[Short descriptive text snippets]
- - - - -

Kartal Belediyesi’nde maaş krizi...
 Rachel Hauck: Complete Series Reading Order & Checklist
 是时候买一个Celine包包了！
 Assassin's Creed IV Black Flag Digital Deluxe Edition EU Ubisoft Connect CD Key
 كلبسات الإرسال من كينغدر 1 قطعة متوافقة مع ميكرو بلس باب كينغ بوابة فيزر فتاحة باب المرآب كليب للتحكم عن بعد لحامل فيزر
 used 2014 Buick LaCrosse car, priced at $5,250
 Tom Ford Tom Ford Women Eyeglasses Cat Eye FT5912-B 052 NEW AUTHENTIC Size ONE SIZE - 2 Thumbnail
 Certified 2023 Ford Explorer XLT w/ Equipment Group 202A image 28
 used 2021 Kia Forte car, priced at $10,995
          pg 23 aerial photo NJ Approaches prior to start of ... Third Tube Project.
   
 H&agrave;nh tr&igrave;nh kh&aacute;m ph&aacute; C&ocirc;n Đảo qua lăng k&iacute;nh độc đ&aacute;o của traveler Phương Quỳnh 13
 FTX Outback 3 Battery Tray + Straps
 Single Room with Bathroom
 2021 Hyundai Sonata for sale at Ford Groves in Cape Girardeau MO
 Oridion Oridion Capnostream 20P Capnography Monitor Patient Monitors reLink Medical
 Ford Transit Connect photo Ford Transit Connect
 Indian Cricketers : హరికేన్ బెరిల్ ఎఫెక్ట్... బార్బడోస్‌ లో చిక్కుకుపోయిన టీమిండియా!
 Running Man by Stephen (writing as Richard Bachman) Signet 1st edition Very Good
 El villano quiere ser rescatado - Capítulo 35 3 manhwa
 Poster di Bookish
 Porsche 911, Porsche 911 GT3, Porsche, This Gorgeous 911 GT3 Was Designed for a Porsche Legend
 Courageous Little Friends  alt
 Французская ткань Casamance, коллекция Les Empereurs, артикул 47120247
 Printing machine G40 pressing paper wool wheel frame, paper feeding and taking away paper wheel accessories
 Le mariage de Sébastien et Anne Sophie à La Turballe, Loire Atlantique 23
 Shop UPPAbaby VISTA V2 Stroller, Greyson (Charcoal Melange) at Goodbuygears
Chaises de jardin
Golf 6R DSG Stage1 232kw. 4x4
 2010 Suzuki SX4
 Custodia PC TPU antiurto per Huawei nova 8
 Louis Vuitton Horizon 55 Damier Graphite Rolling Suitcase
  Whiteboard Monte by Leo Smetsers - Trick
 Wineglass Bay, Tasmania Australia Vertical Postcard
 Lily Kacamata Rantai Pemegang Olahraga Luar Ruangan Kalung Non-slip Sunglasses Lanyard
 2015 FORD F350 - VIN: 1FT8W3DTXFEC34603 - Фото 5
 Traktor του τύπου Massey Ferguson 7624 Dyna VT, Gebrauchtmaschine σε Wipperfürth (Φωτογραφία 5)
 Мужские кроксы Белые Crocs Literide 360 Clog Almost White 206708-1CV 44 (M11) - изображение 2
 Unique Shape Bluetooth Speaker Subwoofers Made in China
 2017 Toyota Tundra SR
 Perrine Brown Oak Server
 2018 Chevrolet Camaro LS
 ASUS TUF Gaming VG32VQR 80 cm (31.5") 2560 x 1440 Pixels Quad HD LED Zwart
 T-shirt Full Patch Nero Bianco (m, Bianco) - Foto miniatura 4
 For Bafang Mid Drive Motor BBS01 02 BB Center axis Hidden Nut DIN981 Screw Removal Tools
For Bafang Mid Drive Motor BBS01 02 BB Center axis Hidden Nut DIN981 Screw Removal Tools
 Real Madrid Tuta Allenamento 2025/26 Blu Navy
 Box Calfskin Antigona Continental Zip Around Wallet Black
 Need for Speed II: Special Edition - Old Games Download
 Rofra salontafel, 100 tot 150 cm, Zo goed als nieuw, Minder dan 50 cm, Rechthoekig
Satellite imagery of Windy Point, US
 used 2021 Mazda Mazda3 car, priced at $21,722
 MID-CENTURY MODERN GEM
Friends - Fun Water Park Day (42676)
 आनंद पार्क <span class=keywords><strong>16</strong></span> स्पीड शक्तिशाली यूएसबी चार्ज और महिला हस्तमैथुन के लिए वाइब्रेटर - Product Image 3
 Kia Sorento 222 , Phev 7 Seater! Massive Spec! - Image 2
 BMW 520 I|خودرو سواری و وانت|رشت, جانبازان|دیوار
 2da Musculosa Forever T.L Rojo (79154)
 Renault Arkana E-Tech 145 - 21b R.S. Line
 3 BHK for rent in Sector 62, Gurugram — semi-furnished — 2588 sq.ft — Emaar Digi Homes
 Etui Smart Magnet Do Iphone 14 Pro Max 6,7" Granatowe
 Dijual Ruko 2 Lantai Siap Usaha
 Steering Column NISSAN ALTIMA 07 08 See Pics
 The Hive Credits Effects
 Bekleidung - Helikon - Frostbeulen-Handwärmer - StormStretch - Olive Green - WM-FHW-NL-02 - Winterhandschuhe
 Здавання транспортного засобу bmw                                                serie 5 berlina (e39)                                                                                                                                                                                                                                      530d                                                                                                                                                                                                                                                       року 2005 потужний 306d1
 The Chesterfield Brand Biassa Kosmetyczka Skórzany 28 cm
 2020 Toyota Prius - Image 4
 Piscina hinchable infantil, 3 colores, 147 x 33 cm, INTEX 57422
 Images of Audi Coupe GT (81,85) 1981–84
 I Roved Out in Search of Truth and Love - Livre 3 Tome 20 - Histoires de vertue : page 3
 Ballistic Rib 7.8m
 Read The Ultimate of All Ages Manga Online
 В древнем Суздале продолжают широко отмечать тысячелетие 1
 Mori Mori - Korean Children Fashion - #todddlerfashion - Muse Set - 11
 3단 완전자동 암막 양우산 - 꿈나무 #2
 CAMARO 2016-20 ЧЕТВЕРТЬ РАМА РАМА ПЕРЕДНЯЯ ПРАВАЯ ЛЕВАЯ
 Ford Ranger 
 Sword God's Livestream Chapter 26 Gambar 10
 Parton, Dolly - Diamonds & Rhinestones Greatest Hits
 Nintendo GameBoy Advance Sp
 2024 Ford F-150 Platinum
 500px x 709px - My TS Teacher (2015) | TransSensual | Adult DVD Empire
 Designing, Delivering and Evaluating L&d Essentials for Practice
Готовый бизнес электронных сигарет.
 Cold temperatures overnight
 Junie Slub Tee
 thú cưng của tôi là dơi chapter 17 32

- - - - -

Work request >>
The required output is the stretch of entries above from the line containing "Здавання транспортного засобу" through the line containing "Designing, Delivering and", reproduced exactly.

Task output >>
 Здавання транспортного засобу bmw                                                serie 5 berlina (e39)                                                                                                                                                                                                                                      530d                                                                                                                                                                                                                                                       року 2005 потужний 306d1
 The Chesterfield Brand Biassa Kosmetyczka Skórzany 28 cm
 2020 Toyota Prius - Image 4
 Piscina hinchable infantil, 3 colores, 147 x 33 cm, INTEX 57422
 Images of Audi Coupe GT (81,85) 1981–84
 I Roved Out in Search of Truth and Love - Livre 3 Tome 20 - Histoires de vertue : page 3
 Ballistic Rib 7.8m
 Read The Ultimate of All Ages Manga Online
 В древнем Суздале продолжают широко отмечать тысячелетие 1
 Mori Mori - Korean Children Fashion - #todddlerfashion - Muse Set - 11
 3단 완전자동 암막 양우산 - 꿈나무 #2
 CAMARO 2016-20 ЧЕТВЕРТЬ РАМА РАМА ПЕРЕДНЯЯ ПРАВАЯ ЛЕВАЯ
 Ford Ranger 
 Sword God's Livestream Chapter 26 Gambar 10
 Parton, Dolly - Diamonds & Rhinestones Greatest Hits
 Nintendo GameBoy Advance Sp
 2024 Ford F-150 Platinum
 500px x 709px - My TS Teacher (2015) | TransSensual | Adult DVD Empire
 Designing, Delivering and Evaluating L&d Essentials for Practice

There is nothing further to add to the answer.